No ser omnipotentes no quiere decir que no seamos infinitamente libres para matizar nuestra limitante animalidad, siempre sedienta de presuntas certezas eternas y apócrifas seguridades por decreto ley. Por suerte, en nuestro limitado arsenal disponemos de dos armas definitivas: la meditación y el Coaching.
La meditación nos permite fortalecer el neocórtex a base de observar –sin involucrarnos- tanto los pensamientos automáticos del cerebro primitivo como en las triquiñuelas del neocórtex para engalanarlos con una pátina de legitimidad presuntamente objetiva y racional.

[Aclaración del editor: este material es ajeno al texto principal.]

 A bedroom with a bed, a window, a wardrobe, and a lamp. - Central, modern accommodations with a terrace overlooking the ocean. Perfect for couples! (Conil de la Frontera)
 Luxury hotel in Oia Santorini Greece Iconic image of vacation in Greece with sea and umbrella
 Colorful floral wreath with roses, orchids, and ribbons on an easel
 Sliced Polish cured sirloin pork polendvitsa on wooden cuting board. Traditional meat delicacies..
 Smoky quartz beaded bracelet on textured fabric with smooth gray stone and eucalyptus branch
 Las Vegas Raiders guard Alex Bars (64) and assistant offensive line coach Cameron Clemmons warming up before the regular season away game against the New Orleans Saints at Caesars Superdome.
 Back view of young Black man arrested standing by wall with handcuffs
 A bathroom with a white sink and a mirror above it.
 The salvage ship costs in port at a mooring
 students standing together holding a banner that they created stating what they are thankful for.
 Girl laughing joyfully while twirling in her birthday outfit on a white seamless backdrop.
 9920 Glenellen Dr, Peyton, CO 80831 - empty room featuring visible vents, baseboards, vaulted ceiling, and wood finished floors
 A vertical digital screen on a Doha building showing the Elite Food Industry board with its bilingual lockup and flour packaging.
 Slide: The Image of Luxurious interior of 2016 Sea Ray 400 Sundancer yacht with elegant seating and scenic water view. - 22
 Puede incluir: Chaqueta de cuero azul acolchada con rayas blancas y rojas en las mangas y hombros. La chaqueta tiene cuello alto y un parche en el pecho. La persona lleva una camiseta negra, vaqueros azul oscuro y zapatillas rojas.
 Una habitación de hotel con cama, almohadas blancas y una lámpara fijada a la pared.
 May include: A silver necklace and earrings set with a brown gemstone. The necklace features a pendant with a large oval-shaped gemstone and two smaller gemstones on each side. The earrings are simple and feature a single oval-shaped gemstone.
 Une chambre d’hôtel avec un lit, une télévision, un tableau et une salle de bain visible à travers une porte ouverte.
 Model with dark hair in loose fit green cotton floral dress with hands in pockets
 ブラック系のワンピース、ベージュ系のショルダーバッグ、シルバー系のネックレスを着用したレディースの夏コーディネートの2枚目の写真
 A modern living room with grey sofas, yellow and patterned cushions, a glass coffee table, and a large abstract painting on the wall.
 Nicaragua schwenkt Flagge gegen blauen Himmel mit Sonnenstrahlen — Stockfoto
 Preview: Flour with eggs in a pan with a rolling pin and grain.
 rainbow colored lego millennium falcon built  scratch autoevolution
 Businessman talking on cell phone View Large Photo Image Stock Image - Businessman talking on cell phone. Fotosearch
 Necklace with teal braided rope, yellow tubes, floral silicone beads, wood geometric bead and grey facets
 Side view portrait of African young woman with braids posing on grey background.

El Coaching cuestiona los automatismos conservadores del cerebro primitivo y las reflexiones superficiales del neocórtex a su servicio, refutándolas para permitirnos llegar a conclusiones que nos faciliten los cambios que deseamos en nuestra vida (que, seguro, conllevarán un cierto esfuerzo, inseguridad e imprevisibilidad). Recomiendo la entente cordiale entre la meditación y el coaching para dirigirnos en pos de nuestros más humanos, frágiles y ambiciosos sueños. Sin reflexión alguna, seremos dirigidos por nuestros instintos más primarios, pero con una reflexión superficial sin atisbo de autocrítica a nuestras creencias pasadas, sólo generaremos presuntas razones que nos autojustificarán la inmovilidad. Si queremos perder el miedo a implementar aquellos cambios que tanto deseamos, debemos reflexionar sobre nuestras reflexiones con espíritu abierto y crítico. De lo contrario, seguiremos pensando lo que ya pensábamos, ergo la “razón” seguirá siendo un obstáculo al cambio en vez de un aliado.
El animal humano nació para sobrevivir; el dios humano, para disfrutar de su existencia. Es nuestra responsabilidad elegir a cuál de los dos entregamos el mando. Nuestra es la elección que realicemos; sus consecuencias, también. O una vida de mera supervivencia acotada por el miedo, o la que siempre quisimos vivir. Tú eliges, pues tú serás quien disfrutará las consecuencias de tu elección.